In this walk through, we will be going through the Wireshark – The Basics from Tryhackme. In this room we will learn about the basics of Wireshark and how to analyse protocols and PCAPs with it. So, let’s get started without any delay.
Table of Contents
Task 1 – Introduction
Question 1 – Which file is used to simulate the screenshots?
http1.pcapng
Question 2 – Which file is used to answer the questions?
Exercise.pcapng
Task 2 – Tool Overview
Question 1 – Read the “capture file comments”. What is the flag?
TryHackMe_Wireshark_Demo
Question 2 – What is the total number of packets?
58620
Question 3 – What is the SHA256 hash value of the capture file?

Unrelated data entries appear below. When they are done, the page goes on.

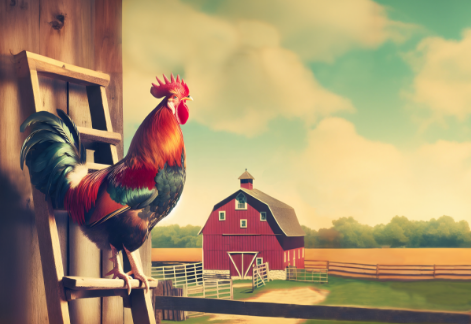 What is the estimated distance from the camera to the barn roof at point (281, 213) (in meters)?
3.59

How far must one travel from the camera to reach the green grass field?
3777 mm

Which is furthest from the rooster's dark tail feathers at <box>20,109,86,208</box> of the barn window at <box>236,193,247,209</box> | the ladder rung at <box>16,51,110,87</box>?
the barn window at <box>236,193,247,209</box>

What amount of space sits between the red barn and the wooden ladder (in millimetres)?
2473

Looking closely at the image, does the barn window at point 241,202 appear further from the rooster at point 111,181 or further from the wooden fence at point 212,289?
the rooster at point 111,181

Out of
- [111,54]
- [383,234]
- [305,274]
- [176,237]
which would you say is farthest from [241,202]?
[111,54]

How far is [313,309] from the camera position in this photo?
6.13 feet

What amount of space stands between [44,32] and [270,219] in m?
3.10

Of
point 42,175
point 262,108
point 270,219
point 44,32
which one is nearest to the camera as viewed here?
point 42,175

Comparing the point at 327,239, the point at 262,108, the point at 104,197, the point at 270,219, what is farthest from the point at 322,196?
the point at 104,197

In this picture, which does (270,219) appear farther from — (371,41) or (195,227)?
(371,41)

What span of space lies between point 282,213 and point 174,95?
2643 mm

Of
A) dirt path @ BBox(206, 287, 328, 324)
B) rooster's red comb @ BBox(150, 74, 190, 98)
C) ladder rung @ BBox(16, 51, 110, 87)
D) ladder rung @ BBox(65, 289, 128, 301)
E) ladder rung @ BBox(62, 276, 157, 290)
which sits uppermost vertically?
ladder rung @ BBox(16, 51, 110, 87)

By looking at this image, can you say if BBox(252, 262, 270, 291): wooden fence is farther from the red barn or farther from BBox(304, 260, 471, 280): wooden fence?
BBox(304, 260, 471, 280): wooden fence

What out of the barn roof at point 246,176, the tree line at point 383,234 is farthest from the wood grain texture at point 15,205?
the barn roof at point 246,176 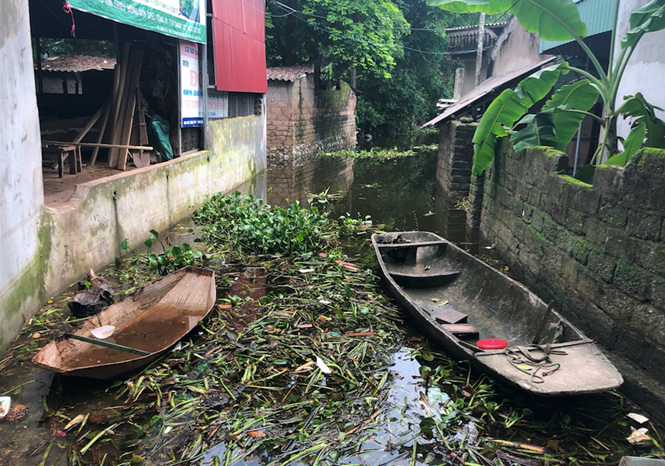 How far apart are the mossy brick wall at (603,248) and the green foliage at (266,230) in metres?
3.32

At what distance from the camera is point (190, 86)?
1102 centimetres

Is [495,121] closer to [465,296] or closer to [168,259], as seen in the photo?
[465,296]

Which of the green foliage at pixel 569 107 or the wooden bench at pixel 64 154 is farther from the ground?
the green foliage at pixel 569 107

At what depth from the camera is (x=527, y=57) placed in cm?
1491

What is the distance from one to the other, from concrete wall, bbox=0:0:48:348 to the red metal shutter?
7061 millimetres

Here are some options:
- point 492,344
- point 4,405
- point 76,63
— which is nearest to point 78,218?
point 4,405

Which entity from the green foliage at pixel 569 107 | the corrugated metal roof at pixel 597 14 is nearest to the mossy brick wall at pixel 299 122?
the corrugated metal roof at pixel 597 14

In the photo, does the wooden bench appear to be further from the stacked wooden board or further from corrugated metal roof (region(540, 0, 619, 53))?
corrugated metal roof (region(540, 0, 619, 53))

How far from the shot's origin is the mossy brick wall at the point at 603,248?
4.47 meters

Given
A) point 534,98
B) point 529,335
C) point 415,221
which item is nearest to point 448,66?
point 415,221

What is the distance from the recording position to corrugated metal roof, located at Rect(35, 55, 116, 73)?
1750 centimetres

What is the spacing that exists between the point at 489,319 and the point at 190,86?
806 centimetres

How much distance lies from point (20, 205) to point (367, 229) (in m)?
6.69

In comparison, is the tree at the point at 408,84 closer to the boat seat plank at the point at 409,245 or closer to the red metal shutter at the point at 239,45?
the red metal shutter at the point at 239,45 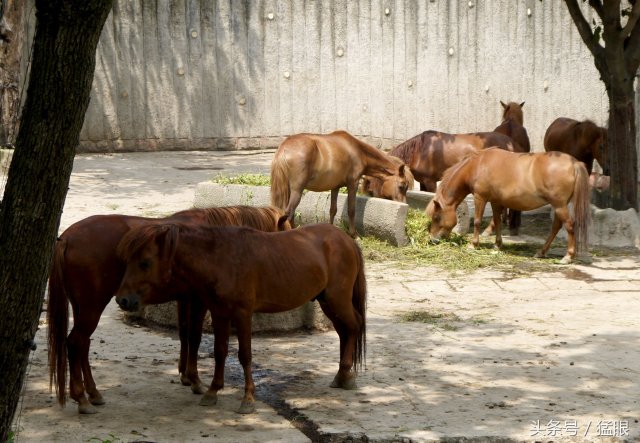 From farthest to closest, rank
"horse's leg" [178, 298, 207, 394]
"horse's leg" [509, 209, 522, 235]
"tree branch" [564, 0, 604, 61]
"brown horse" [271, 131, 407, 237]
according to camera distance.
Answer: "horse's leg" [509, 209, 522, 235] < "tree branch" [564, 0, 604, 61] < "brown horse" [271, 131, 407, 237] < "horse's leg" [178, 298, 207, 394]

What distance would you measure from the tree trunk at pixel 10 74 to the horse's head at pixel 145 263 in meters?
10.2

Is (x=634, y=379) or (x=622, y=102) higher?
(x=622, y=102)

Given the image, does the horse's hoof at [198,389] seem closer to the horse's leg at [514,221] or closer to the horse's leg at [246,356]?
the horse's leg at [246,356]

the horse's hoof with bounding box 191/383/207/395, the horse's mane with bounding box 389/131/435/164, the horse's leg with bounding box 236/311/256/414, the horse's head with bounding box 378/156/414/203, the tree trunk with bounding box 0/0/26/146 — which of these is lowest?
the horse's hoof with bounding box 191/383/207/395

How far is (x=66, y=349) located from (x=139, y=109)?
1257cm

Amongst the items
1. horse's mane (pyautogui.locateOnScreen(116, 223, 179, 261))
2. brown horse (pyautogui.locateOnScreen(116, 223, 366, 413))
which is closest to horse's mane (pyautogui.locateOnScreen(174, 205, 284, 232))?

f446de335565fb0b0ee5e5a3266703c778b2f3dfad7efeaeccb2da5641a6d6eb
Task 3 – Packet Dissection
Question 1 – View packet number 38. Which markup language is used under the HTTP protocol?
eXtensible Markup Language
Question 2 – What is the arrival date of the packet? (Answer format: Month/Day/Year)
05/13/2004
Question 3 – What is the TTL value?
47
Question 4 – What is the TCP payload size?
424
Question 5 – What is the e-tag value?
9a01a-4696-7e354b00
Task 4 – Packet Navigation
Question 1 – Search the “r4w” string in packet details. What is the name of artist 1?
r4w8173
Question 2 – Go to packet 12 and read the comments. What is the answer?
911cd574a42865a956ccde2d04495ebf
Question 3 – There is a “.txt” file inside the capture file. Find the file and read it; what is the alien’s name?
Packetmaste
Question 4 – Look at the expert info section. What is the number of warnings?
1636
Task 5 – Packet Filtering
Question 1 – Go to packet number 4. Right-click on the “Hypertext Transfer Protocol” and apply it as a filter. Now, look at the filter pane. What is the filter query?
http
Question 2 – What is the number of displayed packets?
1089
Question 3 – Go to packet number 33790 and follow the stream. What is the total number of artists?
3
Question 4 – What is the name of the second artist?
Blad3
Task 6 – Conclusion
Also Read: Tryhackme – Windows Fundamentals 3
So that was “Wireshark: The Basics” for you. We have learned about the basics of Wireshark tool. Then we looked into Packet dissection of packets and Protocols. Moving on, took a dive into packet navigation and filtering with it. On that note, i will take your leave and will see you in next one, Till then “Hack the Planet”.